> **Task statement**: Exactly as given, write out all the entries again.

> **Source data**:
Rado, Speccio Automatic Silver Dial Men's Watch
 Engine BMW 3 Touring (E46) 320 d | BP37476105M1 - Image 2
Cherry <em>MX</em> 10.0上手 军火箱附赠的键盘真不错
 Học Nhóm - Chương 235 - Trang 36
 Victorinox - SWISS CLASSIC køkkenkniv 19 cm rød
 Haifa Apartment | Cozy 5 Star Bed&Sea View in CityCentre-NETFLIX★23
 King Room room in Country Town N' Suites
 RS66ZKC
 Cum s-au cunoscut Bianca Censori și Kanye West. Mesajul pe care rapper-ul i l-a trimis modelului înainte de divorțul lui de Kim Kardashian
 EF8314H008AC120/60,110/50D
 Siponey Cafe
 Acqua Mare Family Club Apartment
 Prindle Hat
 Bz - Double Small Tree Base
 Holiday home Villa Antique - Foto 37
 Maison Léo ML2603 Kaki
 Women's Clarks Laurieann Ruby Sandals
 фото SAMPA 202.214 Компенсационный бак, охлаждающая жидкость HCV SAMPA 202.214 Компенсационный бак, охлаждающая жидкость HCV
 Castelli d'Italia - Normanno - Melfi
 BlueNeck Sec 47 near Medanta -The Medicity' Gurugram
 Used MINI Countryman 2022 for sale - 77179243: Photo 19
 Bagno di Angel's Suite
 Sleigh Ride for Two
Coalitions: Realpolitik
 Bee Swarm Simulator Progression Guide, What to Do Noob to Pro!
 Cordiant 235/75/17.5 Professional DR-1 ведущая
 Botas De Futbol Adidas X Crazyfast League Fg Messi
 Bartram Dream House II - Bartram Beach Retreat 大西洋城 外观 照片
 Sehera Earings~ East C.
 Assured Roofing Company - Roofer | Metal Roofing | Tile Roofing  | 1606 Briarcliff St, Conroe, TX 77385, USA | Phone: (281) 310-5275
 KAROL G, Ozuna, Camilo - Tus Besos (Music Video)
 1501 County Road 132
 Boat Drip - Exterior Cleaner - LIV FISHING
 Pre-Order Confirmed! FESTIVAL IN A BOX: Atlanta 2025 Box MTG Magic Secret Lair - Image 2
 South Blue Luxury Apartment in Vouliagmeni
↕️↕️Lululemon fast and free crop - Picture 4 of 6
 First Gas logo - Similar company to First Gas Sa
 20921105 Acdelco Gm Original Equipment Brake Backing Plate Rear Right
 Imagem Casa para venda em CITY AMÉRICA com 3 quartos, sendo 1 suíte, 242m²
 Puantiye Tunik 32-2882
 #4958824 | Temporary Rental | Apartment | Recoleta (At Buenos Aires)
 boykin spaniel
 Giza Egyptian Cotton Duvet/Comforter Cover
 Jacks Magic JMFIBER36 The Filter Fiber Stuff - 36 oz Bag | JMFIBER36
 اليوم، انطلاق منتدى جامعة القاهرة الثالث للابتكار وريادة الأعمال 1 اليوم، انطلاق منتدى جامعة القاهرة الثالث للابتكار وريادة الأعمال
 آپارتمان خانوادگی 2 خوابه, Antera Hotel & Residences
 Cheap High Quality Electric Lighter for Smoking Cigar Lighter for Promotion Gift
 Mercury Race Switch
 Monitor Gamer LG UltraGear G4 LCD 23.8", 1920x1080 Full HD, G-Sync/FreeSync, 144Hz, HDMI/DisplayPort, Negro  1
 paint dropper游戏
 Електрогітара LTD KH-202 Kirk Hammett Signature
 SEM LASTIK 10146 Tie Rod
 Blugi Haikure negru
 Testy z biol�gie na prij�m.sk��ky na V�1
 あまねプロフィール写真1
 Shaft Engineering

> **Final answer**:
Rado, Speccio Automatic Silver Dial Men's Watch
 Engine BMW 3 Touring (E46) 320 d | BP37476105M1 - Image 2
Cherry <em>MX</em> 10.0上手 军火箱附赠的键盘真不错
 Học Nhóm - Chương 235 - Trang 36
 Victorinox - SWISS CLASSIC køkkenkniv 19 cm rød
 Haifa Apartment | Cozy 5 Star Bed&Sea View in CityCentre-NETFLIX★23
 King Room room in Country Town N' Suites
 RS66ZKC
 Cum s-au cunoscut Bianca Censori și Kanye West. Mesajul pe care rapper-ul i l-a trimis modelului înainte de divorțul lui de Kim Kardashian
 EF8314H008AC120/60,110/50D
 Siponey Cafe
 Acqua Mare Family Club Apartment
 Prindle Hat
 Bz - Double Small Tree Base
 Holiday home Villa Antique - Foto 37
 Maison Léo ML2603 Kaki
 Women's Clarks Laurieann Ruby Sandals
 фото SAMPA 202.214 Компенсационный бак, охлаждающая жидкость HCV SAMPA 202.214 Компенсационный бак, охлаждающая жидкость HCV
 Castelli d'Italia - Normanno - Melfi
 BlueNeck Sec 47 near Medanta -The Medicity' Gurugram
 Used MINI Countryman 2022 for sale - 77179243: Photo 19
 Bagno di Angel's Suite
 Sleigh Ride for Two
Coalitions: Realpolitik
 Bee Swarm Simulator Progression Guide, What to Do Noob to Pro!
 Cordiant 235/75/17.5 Professional DR-1 ведущая
 Botas De Futbol Adidas X Crazyfast League Fg Messi
 Bartram Dream House II - Bartram Beach Retreat 大西洋城 外观 照片
 Sehera Earings~ East C.
 Assured Roofing Company - Roofer | Metal Roofing | Tile Roofing  | 1606 Briarcliff St, Conroe, TX 77385, USA | Phone: (281) 310-5275
 KAROL G, Ozuna, Camilo - Tus Besos (Music Video)
 1501 County Road 132
 Boat Drip - Exterior Cleaner - LIV FISHING
 Pre-Order Confirmed! FESTIVAL IN A BOX: Atlanta 2025 Box MTG Magic Secret Lair - Image 2
 South Blue Luxury Apartment in Vouliagmeni
↕️↕️Lululemon fast and free crop - Picture 4 of 6
 First Gas logo - Similar company to First Gas Sa
 20921105 Acdelco Gm Original Equipment Brake Backing Plate Rear Right
 Imagem Casa para venda em CITY AMÉRICA com 3 quartos, sendo 1 suíte, 242m²
 Puantiye Tunik 32-2882
 #4958824 | Temporary Rental | Apartment | Recoleta (At Buenos Aires)
 boykin spaniel
 Giza Egyptian Cotton Duvet/Comforter Cover
 Jacks Magic JMFIBER36 The Filter Fiber Stuff - 36 oz Bag | JMFIBER36
 اليوم، انطلاق منتدى جامعة القاهرة الثالث للابتكار وريادة الأعمال 1 اليوم، انطلاق منتدى جامعة القاهرة الثالث للابتكار وريادة الأعمال
 آپارتمان خانوادگی 2 خوابه, Antera Hotel & Residences
 Cheap High Quality Electric Lighter for Smoking Cigar Lighter for Promotion Gift
 Mercury Race Switch
 Monitor Gamer LG UltraGear G4 LCD 23.8", 1920x1080 Full HD, G-Sync/FreeSync, 144Hz, HDMI/DisplayPort, Negro  1
 paint dropper游戏
 Електрогітара LTD KH-202 Kirk Hammett Signature
 SEM LASTIK 10146 Tie Rod
 Blugi Haikure negru
 Testy z biol�gie na prij�m.sk��ky na V�1
 あまねプロフィール写真1
 Shaft Engineering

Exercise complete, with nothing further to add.